We cannot afford to ignore or underestimate this existential threat.
Failure to combat climate change will increase poverty and hardship.
It will destabilize economies, breed insecurity in many countries and undermine our goals for sustainable development.
That is why I have made climate change the priority of my mandate as Secretary-General.
2009 will be the year of climate change!
By presenting me with this award today, you recognize the unique role that the United Nations can and must play in addressing these challenges -- challenges that know no borders and affect all nations and all peoples.
As I humbly accept this award, I would like to make some important comments.
Combating climate change will need all our leadership, all our commitment, all our ingenuity.
This is not going to be easy.
Nonetheless, I want to emphasize that, by facing up to this crisis, we have been given an exciting opportunity to make progress on a wide range of sustainable development issues.
It is an opportunity we must seize.
By pursuing a green economy based on efficient and equitable resource use, we will cut down greenhouse gas emissions and protect essential ecosystems.
At the same time, we will reinvigorate national economies, create employment and livelihood opportunities, improve human well-being and achieve our sustainable development targets.
My colleagues and I throughout the United Nations system have stressed this argument in the past.
We will continue to do so over the coming months as we look forward to the crucial climate change negotiations in Copenhagen.
Bali prepared the framework for the way forward.
In Poznan, we took the first steps and agreed on actions to be taken.
In Copenhagen, we must now bring all this all together in an ambitious, comprehensive and ratifiable agreement.
Copenhagen has three main political challenges that must be resolved at the highest political level.
On this will depend the successful outcome for a new agreement.
First, Copenhagen must clarify commitments of developed countries to reduce their emissions, by setting ambitious mid-term targets, with credible baselines.
We must also achieve clarity on what mitigation actions developing countries will be prepared to make.
Secondly, Copenhagen must advance on the issue of financing the mitigation and adaptation needs of developing countries.
Agreement on the Adaptation Fund in Poznan was a good first step.
But this was only a first step.
We must now make all this work.
Thirdly, Governments as well as the United Nations system must come up with credible solutions for the governance of new funds, and for their implementation response.
Our words must not fall on deaf ears.

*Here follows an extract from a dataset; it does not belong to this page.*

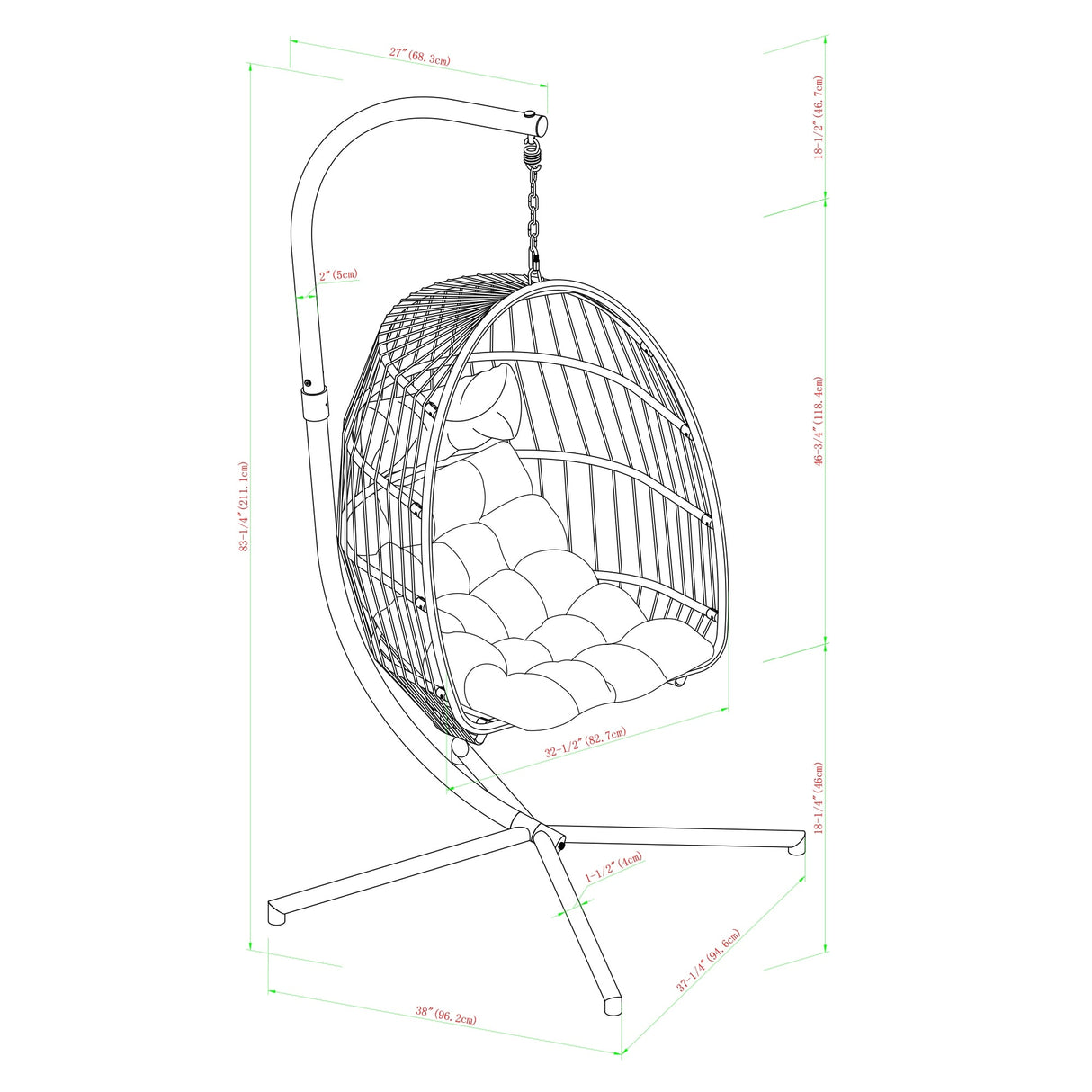 Middlebrook Outdoor Swing Egg Chair & Stand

I am sure they will not.
I am committed, and shall work tirelessly to engage world Leaders in this.
In my recent contact with President Obama, I have been assured of his full cooperation to make Copenhagen a success.
He has assured me that climate change is his domestic as well as international priority.
Domestic action by the United States is beginning to unfold.
We also look forward to the leadership role of the United States in the intergovernmental negotiations.
Wherever I look, I see new impulses in addressing the challenges of climate change.
Here in India, in China, in the economies of Europe and North America, in Brazil, and also in many regions in Africa, I find a new determination and new initiatives.
This morning, I heard some very positive messages from CEOs of Indian industry about how they plan to respond to these issues.
I see growing commitment from political and business leaders alike to seize the opportunities of green growth.
This is the abiding trend of the times.
So, in accepting this award, I would like to say that I am confident that we can, and we will, rise to this challenge.